Os Padres da Igreja atestam que “fora da Igreja não há salvação”. Ora, formulada de forma positiva, esta asserção significa que “toda a salvação vem de Cristo-Cabeça por meio da Igreja, que é seu Corpo:
“Apoiado na Sagrada Escritura e na Tradição, [o Concílio] ensina que esta Igreja peregrina é necessária para a salvação. O único mediador e caminho da salvação é Cristo, que se nos torna presente em seu Corpo, que é a Igreja. Ele, porém, inculcando com palavras expressas a necessidade da fé e do batismo, ao mesmo tempo confirmou a necessidade da Igreja, na qual os homens entram pelo Batismo como que por uma porta. Por isso, não podem salvar-se aqueles que, sabendo que a Igreja católica foi fundada por Deus por meio de Jesus Cristo como instituição necessária, apesar disso, não quiserem nela entrar ou nela perseverar” (LG,14).
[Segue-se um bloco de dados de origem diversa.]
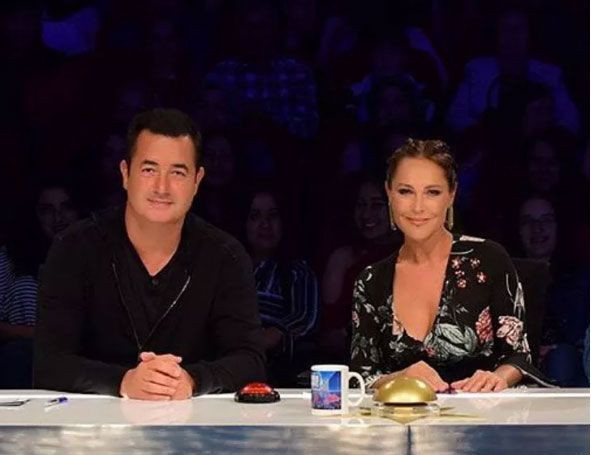 Acun Ilıcalı ile sevgilisi Ayça Çağla Altunkaya'yı Hülya Avşar ifşa etti - Resim: 2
Esta asserção não visa os que, sem culpa, desconhecem Cristo e a Igreja, pois quem ignora inculpavelmente o Evangelho, mas busca Deus de coração sincero e tenta, sob o influxo da graça, cumprir a sua vontade conhecida por meio da consciência pode conseguir a salvação. Não há dúvida de que Deus pode, por seus insondáveis caminhos, levar todos os homens à fé. Mesmo assim, cabe à Igreja “o dever e o direito sagrado de evangelizar” todos os homens. Há, pois, que distinguir, neste sentido, entre o “Verbo total”, ingénito, inefável, o próprio Cristo, e o “Verbo seminal e disperso” que habita os homens, especialmente os verdadeiramente sábios.
Não é questionável em si a matéria do CIC (Catecismo da Igreja Católica), 846-848, segundo a qual “não existe salvação fora da Igreja” no sentido de que “não há salvação fora de Cristo”, já que a Igreja Católica é o próprio Corpo de Cristo. Por outro lado, temos o enunciado paulino, que não podemos olvidar: “Eis o que é bom e aceitável diante de Deus, nosso Salvador, que quer que todos os homens sejam salvos e cheguem ao conhecimento da Verdade” (ITm 2,4).
Sendo a vocação do ser humano o céu, a salvação, o Senhor incute em cada ser humano as como que “sementes do Verbo”, segundo São Justino de Roma, que ensina:
“Alguns que professaram a doutrina estoica foram odiados e mortos. Pelo menos na ética eles mostram-se moderados, assim como os poetas em determinados pontos, por causa da semente do Verbo, que se encontra ingénita em todo o género humano. Assim foi Heráclito, e entre os de nosso tempo, Musónio e outros que conhecemos”.

E prossegue:
“Os demónios sempre se empenharam em tornar odiosos aqueles que, de algum modo, quiseram viver conforme o Verbo e fugir da maldade. Portanto, não é de se admirar se eles, desmascarados, procuram também tornar odiosos, e com mais empenho ainda, os que vivem não apenas de acordo com uma parte do Verbo seminal, mas conforme o conhecimento e contemplação do Verbo total, que é Cristo. Eles receberam merecido tormento e castigo, aprisionados no fogo eterno. Se eles agora são vencidos pelos homens em nome de Jesus Cristo, isso é aviso do futuro castigo no fogo eterno que os espera, juntamente com os que os servem. Todos os profetas já anunciaram isso de antemão e isso também nos ensinou o nosso mestre Jesus”.

E conclui:
“Portanto, a nossa religião mostra-se mais sublime que todo o ensinamento humano pela simples razão de que possuímos o Verbo inteiro, que é Cristo, manifestado por nós, tornando-se corpo, razão e alma. Com efeito, tudo o que os filósofos e legisladores disseram e encontraram de bom foi elaborado por eles pela investigação e intuição conforme a parte do Verbo que lhes coube. Todavia, como eles não conheceram o Verbo inteiro, que é Cristo, eles frequentemente se contradisseram uns aos outros.”. 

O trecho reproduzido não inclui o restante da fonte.